Personal information
- Born: 11 September 1982 (age 44)
- Original team: Sandringham Dragons
- Debut: Round 8, 2002, Fremantle vs. Melbourne, at Subiaco Oval
- Height: 194 cm (6 ft 4 in)
- Weight: 89 kg (196 lb)

Playing career^{1}
- Years: Club / Games (Goals)
- 2002–2009: Fremantle / 88 (21)
- ^{1} Playing statistics correct to the end of 2009.

= Scott Thornton (footballer) =

Australian rules footballer (born 1982)

Scott Thornton (born 11 September 1982) is a former Australian rules footballer who played mainly as a defender for the Fremantle Football Club in the Australian Football League (AFL) between 2002 and 2009.

After being selected with the 66th selection in the 2000 AFL draft he made his AFL debut in 2002, playing just a single game that year. Apart from in 2005, when he played in all 22 games, injuries, illness (Crohn's disease) and poor form restricted him to just 66 games in his other seven seasons. At the end of the 2008 season Thornton re-signed with Fremantle for another two seasons.
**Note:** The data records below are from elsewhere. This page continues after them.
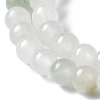 Natural Tianshan Cui Quartzite Beads Strands X-G-B046-01D-4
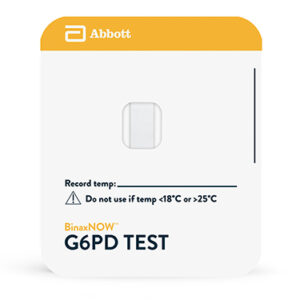 BINAXNOW G6PD 25 Tests NON-RETURNABLE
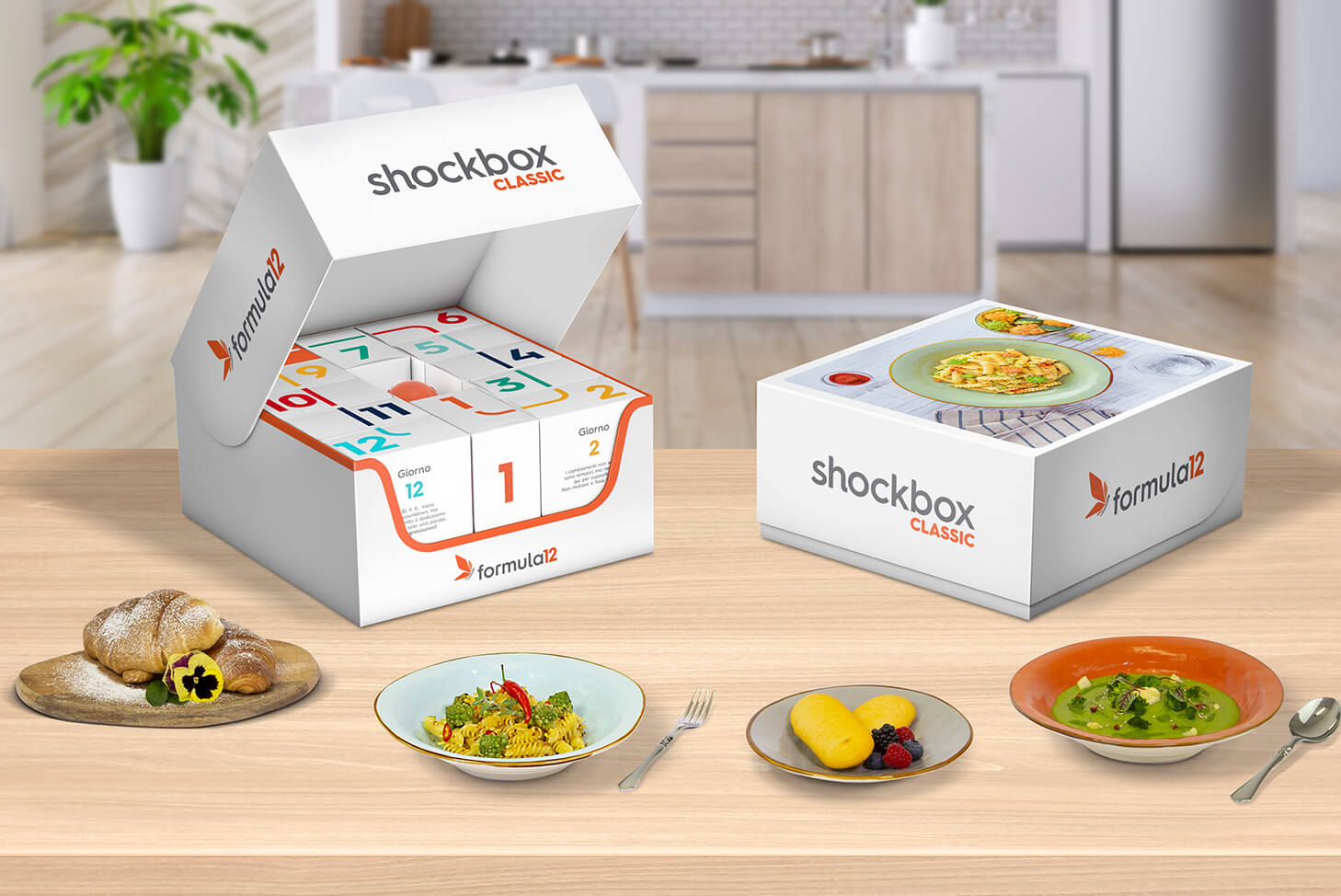 Shockbox Classic e piatti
When not selected for Fremantle, Thornton has played 69 games for South Fremantle in the WAFL, including three grand finals, their premiership victory in 2009 and losses in 2001 and 2006.

Thornton announced his retirement during the 2010 season after breaking his leg whilst playing for South Fremantle, having not played a game for Fremantle since Round 18, 2009.